Your answer must be the line containing "Allen Iverson Autographed" and each following line to the end of the listing below, copied exactly, with pictures removed and nothing added.

● Data

:::::

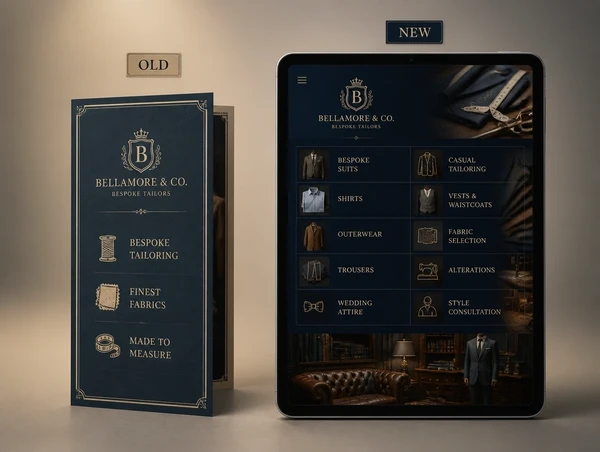 A bespoke tailor's old three service brochure beside the new website page listing ten services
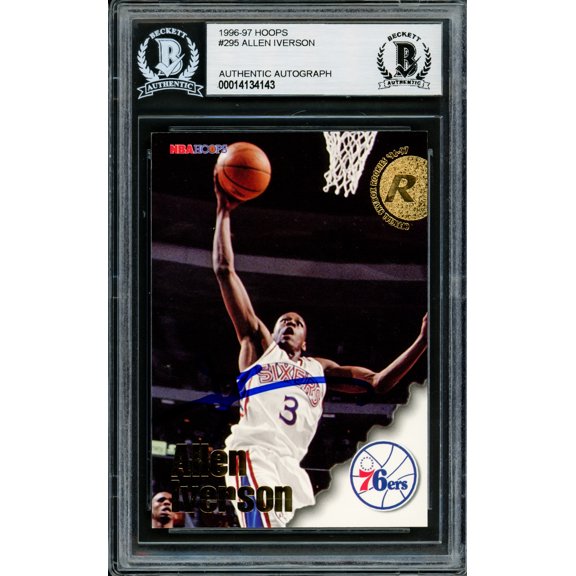 Allen Iverson Autographed 1996-97 Hoops Rookie Card #295 Philadelphia 76ers Beckett BAS #14134143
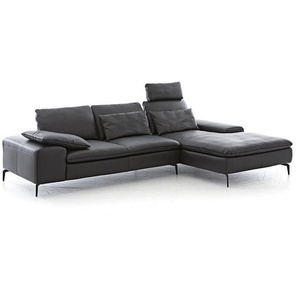 W.SCHILLIG Longchair valentinoo 16540 Leder Z73/99 nachtschwarz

:::::

● Answer space
 Allen Iverson Autographed 1996-97 Hoops Rookie Card #295 Philadelphia 76ers Beckett BAS #14134143
 W.SCHILLIG Longchair valentinoo 16540 Leder Z73/99 nachtschwarz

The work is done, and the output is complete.